In this case the tenancy agreement had been poorly prepared. It stated the rent as being payable both six monthly in advance and had a separate clause stating it was payable monthly. Clearly this was not what had been agreed between the parties and it would not have been possible for the landlord to enforce it. However, at first instance the judge appeared to take the document at face value and held that the rent in advance component was a deposit.

The decision was appealed by the landlord to a circuit judge who has taken the opposing view. He has restored the position on the facts as opposed to the documentary position. However, we understand that the tenant has now sought permission to appeal from the Court of Appeal. This will be a very important decision if it is appealed as it could give some badly needed guidance on what a deposit is and how a court is to decide in more marginal cases.

With thanks to James Browne of Lamb Chambers for filling in some of the gaps.

Posted in Assured Shorthold tenancy, Deposits, FLW case note, Housing law - All and tagged , . RSS feed for this post and comments.

About

David is a solicitor specialising in landlord and tenant matters with Anthony Gold Solicitors. He particularly specialises in newer legislation and has written widely on the Housing Act 2004.

3 Comments

  1. clairemarshallaw
    Posted 30/08/2012 at 4:35 pm | link to comment

    The key to resolving this issue is surely a factual one, that is whether, as the act states ‘any money intended to be held was for the security’ of reasons x, y or z, irrespective of what the contradictory contract stipulated.
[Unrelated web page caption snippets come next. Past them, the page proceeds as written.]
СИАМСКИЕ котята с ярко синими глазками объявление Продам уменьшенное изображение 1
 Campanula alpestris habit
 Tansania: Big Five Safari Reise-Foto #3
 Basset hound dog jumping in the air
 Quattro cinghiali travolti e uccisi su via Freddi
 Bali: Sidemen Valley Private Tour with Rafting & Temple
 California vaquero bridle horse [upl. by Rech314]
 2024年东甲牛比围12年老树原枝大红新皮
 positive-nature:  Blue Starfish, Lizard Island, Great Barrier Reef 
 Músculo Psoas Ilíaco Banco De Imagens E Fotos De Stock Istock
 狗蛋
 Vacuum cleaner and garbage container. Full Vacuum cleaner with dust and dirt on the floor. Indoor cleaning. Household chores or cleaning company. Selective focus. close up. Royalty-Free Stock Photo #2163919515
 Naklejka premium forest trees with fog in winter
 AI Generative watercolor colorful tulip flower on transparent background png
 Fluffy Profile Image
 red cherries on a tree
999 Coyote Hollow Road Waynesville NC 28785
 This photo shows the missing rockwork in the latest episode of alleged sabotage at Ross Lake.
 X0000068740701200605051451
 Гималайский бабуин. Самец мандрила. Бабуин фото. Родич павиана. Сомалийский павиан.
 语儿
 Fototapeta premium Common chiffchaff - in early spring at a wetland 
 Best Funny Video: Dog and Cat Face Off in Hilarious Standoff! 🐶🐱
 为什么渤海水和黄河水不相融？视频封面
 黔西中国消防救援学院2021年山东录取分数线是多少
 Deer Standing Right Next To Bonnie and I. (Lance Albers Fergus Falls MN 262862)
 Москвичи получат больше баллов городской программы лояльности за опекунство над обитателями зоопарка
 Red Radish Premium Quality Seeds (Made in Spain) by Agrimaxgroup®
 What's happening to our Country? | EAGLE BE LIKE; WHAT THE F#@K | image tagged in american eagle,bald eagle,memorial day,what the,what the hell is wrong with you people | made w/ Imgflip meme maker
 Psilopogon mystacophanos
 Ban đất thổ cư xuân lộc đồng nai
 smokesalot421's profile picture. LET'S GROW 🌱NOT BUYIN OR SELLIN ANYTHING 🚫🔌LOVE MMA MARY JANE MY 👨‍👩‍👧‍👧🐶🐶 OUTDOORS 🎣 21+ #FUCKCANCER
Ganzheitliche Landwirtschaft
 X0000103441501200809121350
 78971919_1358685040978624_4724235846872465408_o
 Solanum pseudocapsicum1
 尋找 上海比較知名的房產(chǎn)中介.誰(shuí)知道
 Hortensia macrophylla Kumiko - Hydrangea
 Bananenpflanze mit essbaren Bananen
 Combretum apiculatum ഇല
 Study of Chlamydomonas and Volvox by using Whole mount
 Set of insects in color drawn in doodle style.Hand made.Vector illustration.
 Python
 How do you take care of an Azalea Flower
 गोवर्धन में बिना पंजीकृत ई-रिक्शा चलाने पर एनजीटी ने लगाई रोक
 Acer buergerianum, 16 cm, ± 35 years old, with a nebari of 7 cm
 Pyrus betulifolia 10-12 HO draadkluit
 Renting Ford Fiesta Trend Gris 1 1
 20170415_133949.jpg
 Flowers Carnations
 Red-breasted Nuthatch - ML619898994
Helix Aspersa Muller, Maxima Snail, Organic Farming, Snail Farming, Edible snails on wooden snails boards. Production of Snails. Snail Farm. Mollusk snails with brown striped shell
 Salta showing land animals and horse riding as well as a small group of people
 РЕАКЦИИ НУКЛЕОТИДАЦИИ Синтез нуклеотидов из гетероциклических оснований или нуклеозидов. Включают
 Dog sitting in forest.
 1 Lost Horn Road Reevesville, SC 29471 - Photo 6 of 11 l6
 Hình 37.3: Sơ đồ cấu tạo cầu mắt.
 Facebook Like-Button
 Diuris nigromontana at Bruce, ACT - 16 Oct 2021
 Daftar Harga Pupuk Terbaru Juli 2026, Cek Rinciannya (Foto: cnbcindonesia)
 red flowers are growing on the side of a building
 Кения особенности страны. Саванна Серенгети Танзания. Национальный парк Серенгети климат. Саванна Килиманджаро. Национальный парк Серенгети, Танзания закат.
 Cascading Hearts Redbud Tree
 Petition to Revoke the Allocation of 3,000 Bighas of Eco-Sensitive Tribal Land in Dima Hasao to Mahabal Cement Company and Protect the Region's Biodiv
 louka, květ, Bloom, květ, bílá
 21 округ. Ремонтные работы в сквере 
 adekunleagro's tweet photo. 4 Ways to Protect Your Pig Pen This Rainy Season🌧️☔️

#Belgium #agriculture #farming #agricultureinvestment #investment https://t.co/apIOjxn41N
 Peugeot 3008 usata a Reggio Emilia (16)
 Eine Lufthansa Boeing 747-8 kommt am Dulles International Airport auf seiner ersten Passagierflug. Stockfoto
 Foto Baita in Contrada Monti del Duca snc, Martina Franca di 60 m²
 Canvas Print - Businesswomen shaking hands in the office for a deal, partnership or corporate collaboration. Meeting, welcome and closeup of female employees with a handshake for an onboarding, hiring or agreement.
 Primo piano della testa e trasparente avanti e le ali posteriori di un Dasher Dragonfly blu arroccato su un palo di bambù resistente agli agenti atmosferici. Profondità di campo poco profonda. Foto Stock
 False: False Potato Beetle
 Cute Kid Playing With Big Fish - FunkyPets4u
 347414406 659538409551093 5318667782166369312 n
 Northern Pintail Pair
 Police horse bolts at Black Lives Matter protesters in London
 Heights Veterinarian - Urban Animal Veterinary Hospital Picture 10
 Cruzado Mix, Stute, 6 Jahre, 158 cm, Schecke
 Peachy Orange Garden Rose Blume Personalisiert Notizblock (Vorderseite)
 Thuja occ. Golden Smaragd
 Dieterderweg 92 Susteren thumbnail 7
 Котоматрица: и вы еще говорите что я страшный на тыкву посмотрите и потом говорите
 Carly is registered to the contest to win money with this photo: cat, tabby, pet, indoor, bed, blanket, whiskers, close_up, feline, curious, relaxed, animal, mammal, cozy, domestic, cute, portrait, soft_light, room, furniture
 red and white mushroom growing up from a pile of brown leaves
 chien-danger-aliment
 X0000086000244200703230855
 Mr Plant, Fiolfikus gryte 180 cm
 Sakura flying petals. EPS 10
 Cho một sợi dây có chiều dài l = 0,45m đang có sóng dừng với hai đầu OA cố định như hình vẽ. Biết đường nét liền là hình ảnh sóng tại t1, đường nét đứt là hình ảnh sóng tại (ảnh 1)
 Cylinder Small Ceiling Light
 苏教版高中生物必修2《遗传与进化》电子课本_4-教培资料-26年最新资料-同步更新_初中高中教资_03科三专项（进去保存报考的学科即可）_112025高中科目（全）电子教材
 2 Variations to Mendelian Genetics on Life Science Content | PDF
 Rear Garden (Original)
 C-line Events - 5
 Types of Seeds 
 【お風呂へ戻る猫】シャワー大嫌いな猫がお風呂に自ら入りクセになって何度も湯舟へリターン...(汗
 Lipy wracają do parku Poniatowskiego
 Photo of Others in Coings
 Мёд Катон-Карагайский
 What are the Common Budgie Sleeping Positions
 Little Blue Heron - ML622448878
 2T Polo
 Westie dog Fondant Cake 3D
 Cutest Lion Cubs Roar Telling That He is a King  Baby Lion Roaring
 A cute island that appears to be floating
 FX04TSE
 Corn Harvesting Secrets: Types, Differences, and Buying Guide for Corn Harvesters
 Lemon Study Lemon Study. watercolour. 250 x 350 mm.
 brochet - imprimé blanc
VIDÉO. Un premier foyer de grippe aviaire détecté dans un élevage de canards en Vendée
    However, to clarify matters for future purpose and avoid the issues of these sort is surely to draft a clause into the tenancy agreement making clear in tick box fashion as to whether the tenancy requires a deposit in which case the landlod has responsibilities under section 212, if the tenancy does not through advanced rental payments then there are no issues.

  2. Posted 23/01/2013 at 10:26 am | link to comment

    Permission for a second appeal has been granted by Lewison LJ, largely on the basis that there is no decison of any court of record on what actually constitutes a deposit for the purposes of the statute. It is due to be heard on 6th or 7th March 2013.

    • Posted 23/01/2013 at 11:21 am | link to comment

      Thank you. This will be interesting, even if not a great case on the facts.